Teaching the graduate course to the amazing professionals in Vermont also reminded me of the time commitment required to adequately deliver a standards-based grading system. This, in some ways, worries me. If teachers are mandated to work within a standards-based system, as I hope they are, it is essential that administration and school board members understand the time commitment required to do so effectively. For example, in the class I taught, when students demonstrated their learning was a 2 (beginning/emerging evidence of learning) they were, as they should have been, granted additional time to demonstrate higher levels of learning. In other words, they were encouraged to redo the assignment or submit additional evidence that better demonstrated their understanding. Consequently, more time was needed on my part because I had additional assignments rolling in that had to be graded as students became very motivated to demonstrate learning at a proficient level. It also reminded me that collecting student evidence early on is critical so that I can best guide my instruction and can give them reasonable amount of time to demonstrate learning if they learn in a way that requires more time. Finally, large class sizes must be addressed if physical education teachers are expected to shift to a standards-based system. It simply won't be possible for PE teachers to carry current numbers and provide the feedback and opportunities to demonstrate learning required within a standards-based system.

More time and effort was also required to fully explain and support the concerns around how exceptional work must be in order to represent a level four. Jo Bailey worded it so well while at my house last week,

"Grade inflation has been mad for years now and there is so much work to do to implement a standards-based system because of it."

(Don't you love how the British use the word mad?) 

When you shift to this system and your most athletic student may not be demonstrating evidence of learning, or someone who used to always bring his/her shoes and participate but is truly at a beginning level of mastery related to her/his skills, you will receive push-back. Home will be calling and students will be questioning. For far too long, physical education teachers have given grades that have nothing to do with learning - and everything to do with bringing sneakers and participating. I never received a high grade in math for bringing my textbook, a scribbler, pencil, and calculator, or for attempting answers on my quizzes and tests. It's time that we all commit ourselves to truly supporting students' understanding of the concepts that will best support their physical literacy development. It's so worth it.

I encourage you to host a physical education night at your school to explain standards-based physical education, what it will look like, how lessons will be delivered, how students will be assessed and later graded, etc. As well, send a newsletter, update your website, and send emails home! Whatever form(s) of communication you choose, be sure to tell the parents and guardians that physical education grades will actually mean something and this system will motivate their children. Specific feedback will be given as per clear standards and opportunity to practice within authentic settings. Do not drive yourself crazy by holding off on communication. Reach out and work with the greater community to shift to a system that is better for our students. They deserve it. 

Stay tuned for a future standards-based education post which will be dedicated to our students with special needs!

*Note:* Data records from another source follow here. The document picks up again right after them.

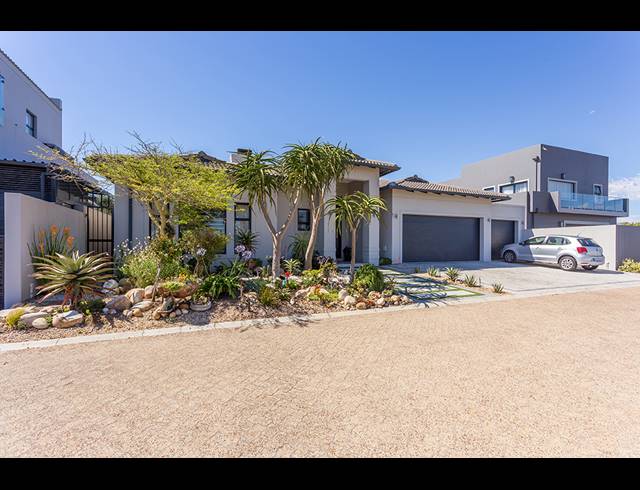 4 BEDROOM HOUSE FOR SALE IN SAGEWOOD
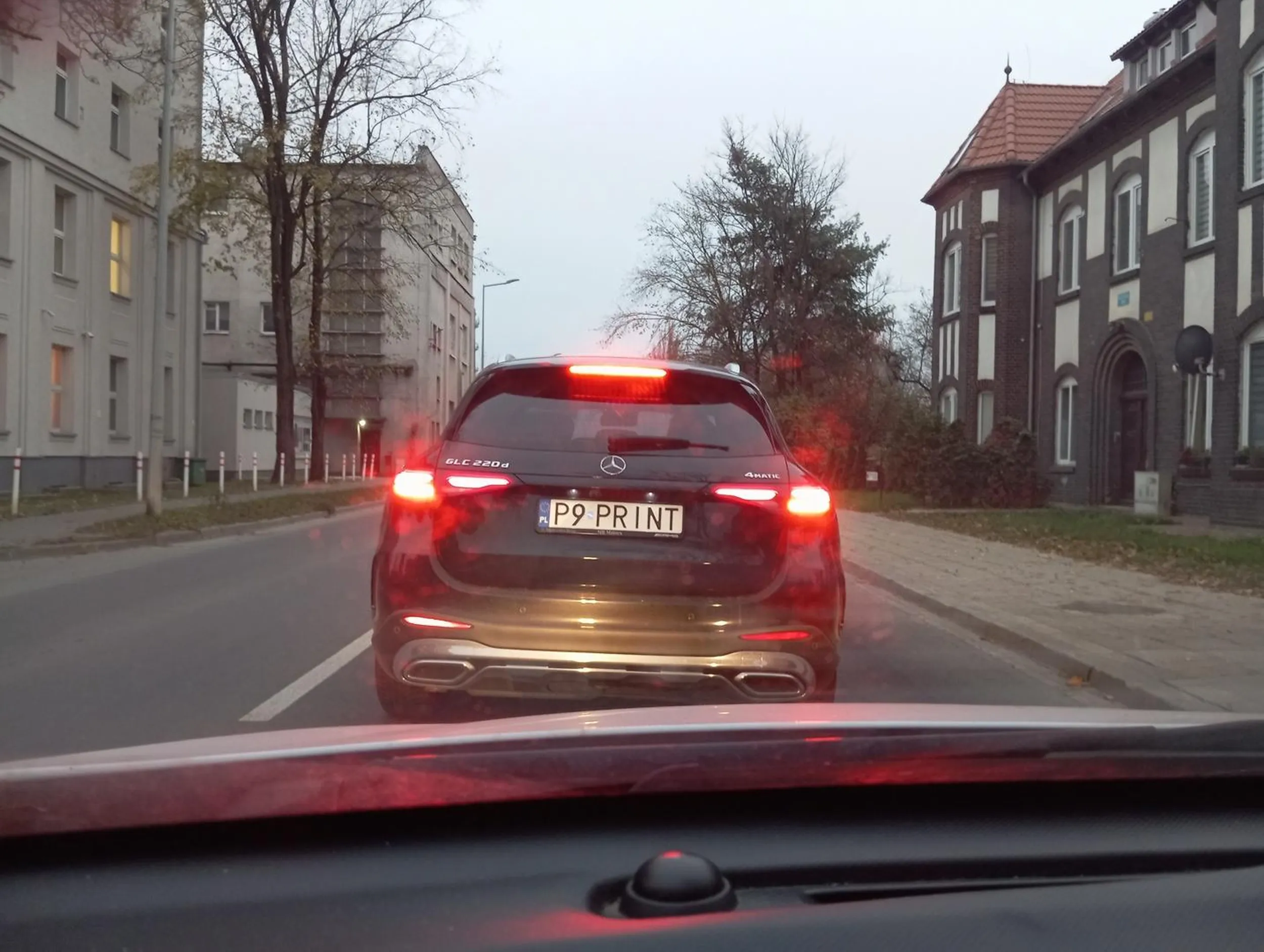 Nie patrzy w lusterka i próbuje spychać ludzi z drogi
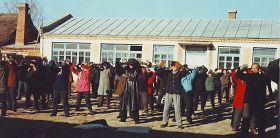 （历史照片：1999年7月20日前，双城乡镇法轮功学员在户外集体炼功洪法）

  • Sarah Gietschier-Hartman

    YES. I feel like this is the Cliffs Notes version of standards-based grading in physical education that includes EVERY possible resource you need in order to get started. It reads so smoothly, doesn’t leave anything out, and explains every point in a way that is easy to understand. I’ve explained these same points to other physical educators and my conversations always come back to implementation. If standards-based grading is not implemented effectively and if it isn’t explained to students and their parents in a way they understand, then the system will never work. Figuring out HOW you will explain SBG to your students, their parents, your administrators (principals), and colleagues is just as important as creating lessons that align to standards/outcomes and authentic assessments. I truly appreciate the last paragraph of this post, which gives me new and creative ways to reach members of my school community. Thank you so much for writing this post, for exposing a topic so dear to me to a large audience, and for justifying that what I’m doing in my classroom every day is oh, so right for my students, me, and physical education.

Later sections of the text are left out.